The main thing would be to not use a completion callback for dlm_unlock
(either make dlm not send one, or ignore it in gfs2).  This would let you
free the glock memory right away.

But, removing unlock completions can create new problems, because you'd
need to handle new errors from dlm_lock() when it ran up against an
incomplete unlock.  Dealing with that complication may negate any benefit
from ignoring unlock completions.  Unless, of course, you knew you
wouldn't be making any more dlm_lock calls on that lock, e.g. during
unmount.



Re: [Cluster-devel] gfs2: skip dlm_unlock calls in unmount

2012-11-08 Thread Steven Whitehouse
Hi,

On Thu, 2012-11-08 at 10:41 -0500, David Teigland wrote:
> On Thu, Nov 08, 2012 at 10:26:53AM +, Steven Whitehouse wrote:
> > Hi,
> > 
> > On Wed, 2012-11-07 at 14:14 -0500, David Teigland wrote:
> > > When unmounting, gfs2 does a full dlm_unlock operation on every
> > > cached lock.  This can create a very large amount of work and can
> > > take a long time to complete.  However, the vast majority of these
> > > dlm unlock operations are unnecessary because after all the unlocks
> > > are done, gfs2 leaves the dlm lockspace, which automatically clears
> > > the locks of the leaving node, without unlocking each one individually.
> > > So, gfs2 can skip explicit dlm unlocks, and use dlm_release_lockspace to
> > > remove the locks implicitly.  The one exception is when the lock's lvb is
> > > being used.  In this case, dlm_unlock is called because it may update the
> > > lvb of the resource.
> > > 
> > 
> > I'm wondering just how much we are likely to gain from this we
> > currently use LVBs for both quota (and more recently) rgrp too. If we
> > were to start using the LVBs for inodes and/or iopen locks eventually
> > then that would seem to rather reduce the benefits of this.
> 
> Considering what you say below, after you've converted to NL, there's no
> more lvb to consider, so the lvb is not an issue in that case. The lvb is
> only written if you're unlocking from PW or EX, so there's bound to always
> be many unlocks that could be skipped.  I'll adjust the patch to skip
> unlock unless there's an lvb and the mode is PW or EX.
> 
Ok

> > The other question is what the cost of conversion to NL vs unlock of an
> > NL lock is. Even with the patch we are still iterating over each lock to
> > do a conversion to NL in any case where the lock is not already in NL.
> > So all we are saving is the final NL -> unlocked change.
> 
> yeah, I'd forgotten about that.
> 
> > One thought is whether it would not be better to do a direct "whatever"
> > -> unlocked change in the first place, rather than splitting the
> > operation into two parts.
> 
> Converting to NL would actually be less expensive than unlock because the
> NL convert does not involve a reply message, but unlock does.
> 
I'm not entirely sure I follow... at least from the filesystem point of
view (and without your proposed change) both conversions and unlocks
result in a reply. Is this a dlm internal reply perhaps?

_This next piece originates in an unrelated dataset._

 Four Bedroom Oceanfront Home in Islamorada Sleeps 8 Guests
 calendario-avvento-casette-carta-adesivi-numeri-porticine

> So skipping the unlocks is a first step that gives us a big benefit very
> simply.  To benefit even further, we could later look into skipping the
> "convert to NL" step also, and just abandoning the dlm locks in whatever
> mode they're in; but that's probably not as simple a change.
> 

Yes, thats true... the issue is that the glock state machine treats all
glocks on an individual basis, and the demotion to NL also deals with
any writing back and invalidating of the cache thats required at the
same time. So that makes it tricky to separate from the requests to the
dlm.

That said, I'd like to be able to move towards dealing with batches of
glocks in the future, since that means we can provide a more favourable
ordering of i/o requests. That is not an easy thing to do though.

In addition to the benefit for umount, I'm also wondering whether, if
these unlocks are relatively slow, we should look at what happens during
normal operation, where we do from time to time, send unlock requests.
Those are mostly (though indirectly) in response to memory pressure. Is
there anything we can do there to speed things up I wonder?

Steve.





Re: [Cluster-devel] gfs2: skip dlm_unlock calls in unmount

2012-11-08 Thread David Teigland
On Thu, Nov 08, 2012 at 10:26:53AM +, Steven Whitehouse wrote:
> Hi,
> 
> On Wed, 2012-11-07 at 14:14 -0500, David Teigland wrote:
> > When unmounting, gfs2 does a full dlm_unlock operation on every
> > cached lock.  This can create a very large amount of work and can
> > take a long time to complete.  However, the vast majority of these
> > dlm unlock operations are unnecessary because after all the unlocks
> > are done, gfs2 leaves the dlm lockspace, which automatically clears
> > the locks of the leaving node, without unlocking each one individually.
> > So, gfs2 can skip explicit dlm unlocks, and use dlm_release_lockspace to
> > remove the locks implicitly.  The one exception is when the lock's lvb is
> > being used.  In this case, dlm_unlock is called because it may update the
> > lvb of the resource.
> > 
> 
> I'm wondering just how much we are likely to gain from this we
> currently use LVBs for both quota (and more recently) rgrp too. If we
> were to start using the LVBs for inodes and/or iopen locks eventually
> then that would seem to rather reduce the benefits of this.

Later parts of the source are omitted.